Contributors joined from 17 different countries. Country information was provided based on where participants were joining from. The countries with the most participants:
- Kenya: 11
- United States of America: 5
- India: 4
- Saudi Arabia: 2
- Germany: 2
- Canada: 2
- Bulgaria: 2
- Argentina: 2
Other countries with 1 participant each include: Zambia, Venezuela, Sweden, South Africa, Poland, Lithuania, Kazakhstan, Ireland, Ghana, El Salvador.
There were 4 invited contributors. Invited contributors were those who participated in a prior sprint and have continued contributing to scikit-learn.
This pie chart shows that of the 40 people attending, 57.5% were returning contributors.
This barplot shows all the countries from which applications were received. It also shows a breakdown of how many people attended from each country.
The sprint was run in English. Participants were asked on their forms to indicate if they needed a translator. No translators were requested.
This barplot shows the primary spoken languages by the sprint participants.
Attendee Role (work/school)
Impact Report for Data Umbrella Scikit-learn Sprint
|Report author||Reshama Shaikh|
|Location||Online; Africa & Middle East (AFME2)|
|Open source library||scikit-learn|
|GitHub repository link||data-umbrella/data-umbrella-scikit-learn-sprint|
|Lead Organizer||Reshama Shaikh|
|Assistant Organizers||Mariam Haji, Cristina Mulas Lopez, Nestor Navarro|
|Lead Facilitator||Andreas Mueller|
|Mentors / Translations||Not applicable|
|Scikit-learn core contributors||Thomas Fan, Adrin Jalali, Olivier Grisel, Julien Jerphanon, Guillaume LeMaitre|
|Community Contributors||Lucy Jimenez, Juan Martin Loyola|
|Platforms||Discord & Zoom|
|Sponsor:||Grant GBMF8449 from Gordon and Betty Moore Foundation & Code for Science and Society|
|PULL REQUESTS (PRs)|
|PRs [MRG] at sprint||7|
|PRs [MRG] post-sprint||26+ (x)|
|Attendees: Initial Registrations||~55|
|Attendee List||Sprint Contributors|
|Post-sprint Survey||[survey form] (closed)|
|Blog 1: Beryl Kanali||My experience contributing to Open Source -AFME2 Oct 2021|
Resources for Contributing to scikit-learn
Because this was a virtual event and there is a limited capacity for being online for a full 8-hour day, a checklist was provided so folks could do preparation work at their own pace prior to the sprint. Resources for Prep Work are available on the sprint website.
A Checklist with highlighted notes to indicate updates from videos was also included.
Aside from the number of PRs that were merged, there is non-quantifiable impact of the open source sprint. Some examples include:
- learning to set up virtual environment
- using Git (fork, clone, branch, fetching another’s PR)
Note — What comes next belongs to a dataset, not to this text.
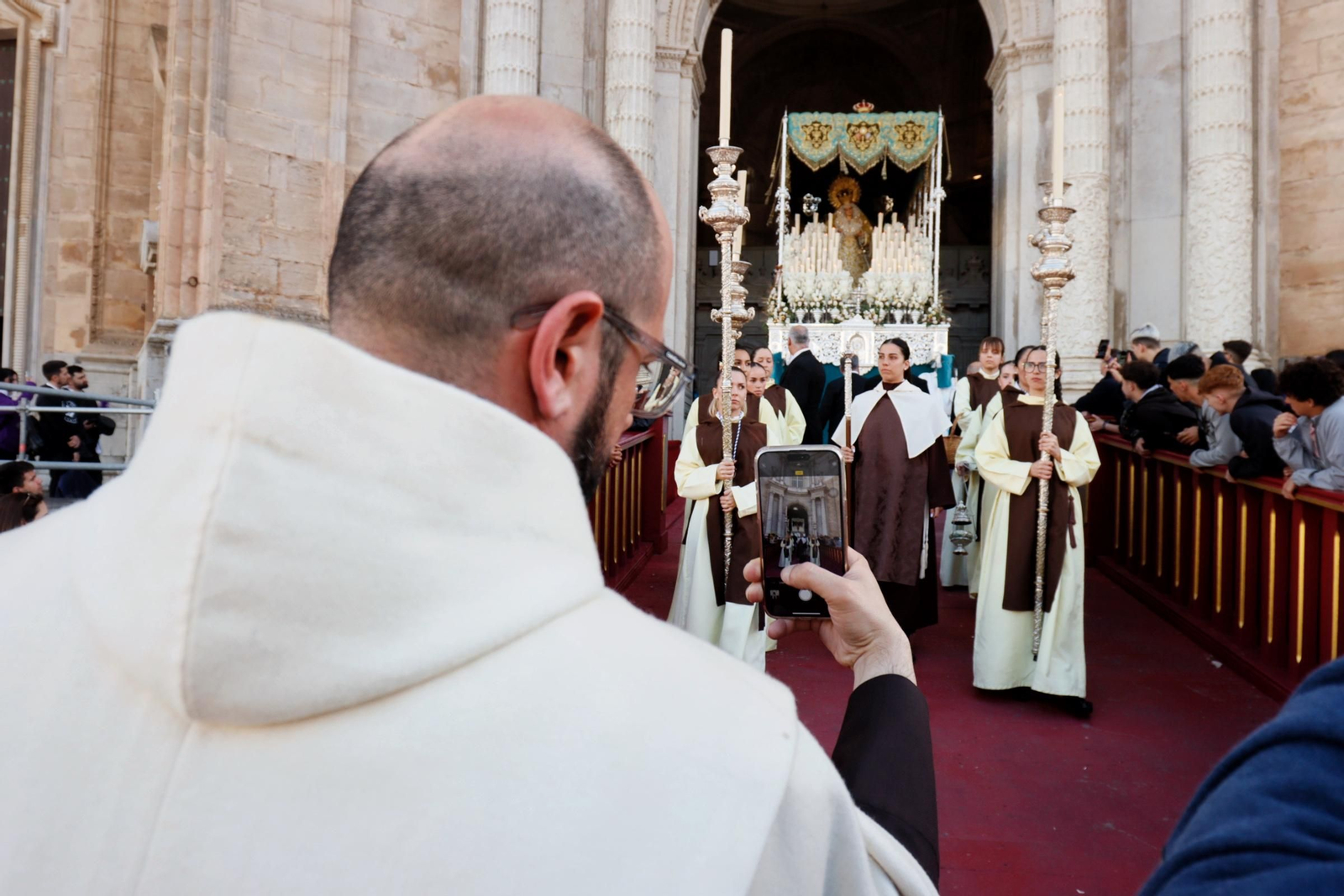 Las imágenes del traslado de Prendimiento desde la Catedral en la Semana Santa de Cádiz 2025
- introduction to tests such as: flake8 (linting, formatting), pytest, “continuous integration”
- navigating through the codebase structure of scikit-learn
- digging into functions, learning about errors
- learning about unit tests
- interacting with contributors on GitHub
- learning, in general
- building confidence (making a dent in “imposter syndrome”)
- having fun
Challenge 1: Outreach
Despite doing similar levels of outreach, for this sprint, we recieved about 50% of applications than we typically do.
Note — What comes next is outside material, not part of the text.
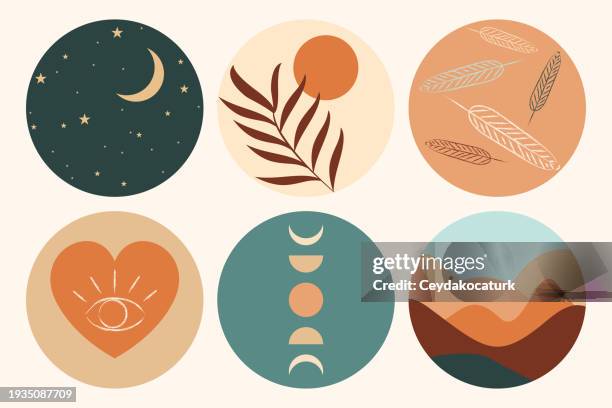 ilustraciones, imágenes clip art, dibujos animados e iconos de stock de conjunto de elementos boho de inspiración. estrellas, creciente, sol, hoja, plumas, forma de corazón, fases lunares, paisaje. - estilo boho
This Google Analytics table shows that of the top 10 countries reached, 7 of them were in the region of Africa and Middle East. Despite Somalia being #4, we did not receive any applications from that country.
Comparatively speaking, for our prior Latin America sprint, we had over 1100 users by the time the sprint report was written. For this event, it was about 50% of that.
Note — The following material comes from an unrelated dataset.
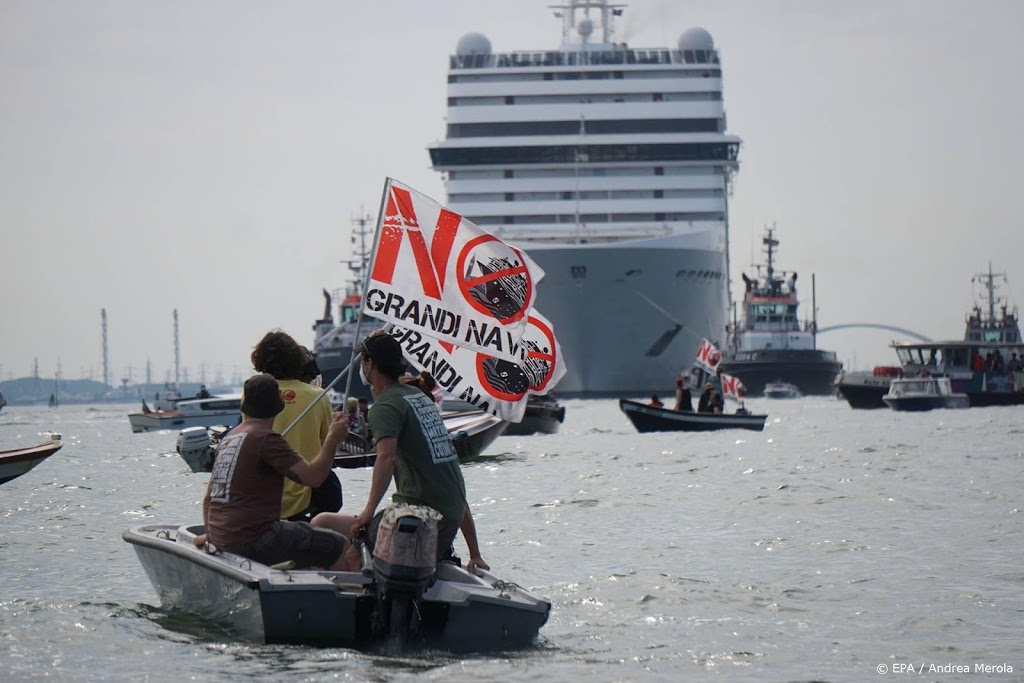 Protest in Venetië ondanks eerste cruiseschip sinds virusuitbraak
Challenge 2: Preparation Work
Fewer participants in this sprint, compared to past sprints, did their preparation work. A few set up their working environment at the sprint, which results in having less time to work on an issue during the sprint.
One participant commented on the survey that the learning curve for Discord was high. However, the prep work includes watching a 10-minute video Intro to Using Data Umbrella Discord Server.
Challenge 3: Attrition and Impact on Pair Programming
Often with these events, there are no-shows at a rate of 20% to 30%. Pair programming is assigned prior to the sprint. When a participant is a “no-show”, this requires reassigning at the start of the sprint, which delays the start of the sprint. Also, many participants are not proactive in communicating that their pair partner is absent.
Solution: not sure what the solution to this is.
Challenge 4: Internet Connectivity & Electrical Power Access
A number of participants joined intermittently and late due to access with internet connectivity or loss of power.
Continued Contribution to Open Source
Participants were encouraged to keep contributing to scikit-learn or other Python libraries, using the skills learned in this event.
Finding out About the Sprint
For those who attended the sprint, this is how they learned of the event. The main avenues were by invitation from Data Umbrella, Twitter, LinkedIn and their network (“word of mouth”).
Based on feedback from our last sprint, Latin America 2021, we created a video demonstrating how to use Visual Studio LiveShare.
No new language translations were created for this sprint.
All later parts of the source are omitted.